Ce travail de forçat a tour à tour la grâce d’un ballet et la brutalité d’une manoeuvre industrielle. Les moines restent impassibles devant le son assourdissant des caisses qu’ils jettent au sol, leur cris saccadés marquent les enchaînements de mouvements de kung fu, mais à travers ces sons secs et brutaux, qui fouettent les sens, résonnent un trio à cordes, un piano  (joué par Szymon Brzoska, qui a composé la musique du spectacle) et des percussions. Les cinq musiciens, surélevés et placés derrière un voile blanc en arrière-scène, donnent un souffle magnifique et obsédant à la prestation, tant dans les segments plus rythmés que dans ceux plus planants.

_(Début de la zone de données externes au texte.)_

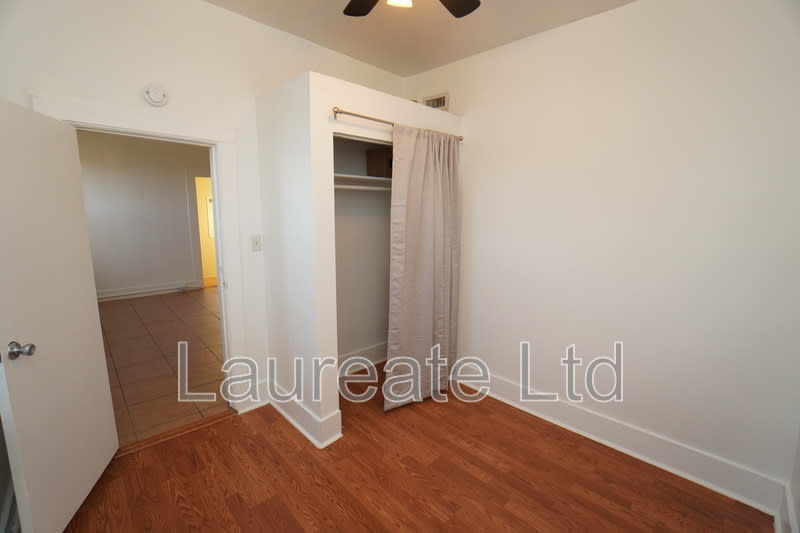 2417 E 47th Ave – photo 5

Les moines du temple Shaolin enchaînent les coups, les sauts et les cascades, avec un mélange de force et d’agilité toujours pleinement maîtrisé — ou plutôt pleinement incarné, puisque ce n’est pas tant la précision des mouvements que l’impression que les corps sont dans un état d’éveil accru qui nous marque. L’enfant circule parmi eux ou se fond au groupe dans des enchaînements impressionnants. Juchés, en habit de ville, sur les caisses ou s’activant, torses nus, entre les colonnes d’un temple métaphorique, ils incarnent à la fois ce qu’ils sont et tous les hommes qui migrent, qui méditent et qui luttent.

Le spectacle était présenté à Québec une seule fois, au Grand théâtre, et sera présenté à partir de jeudi au théâtre Maisonneuve, à Montréal.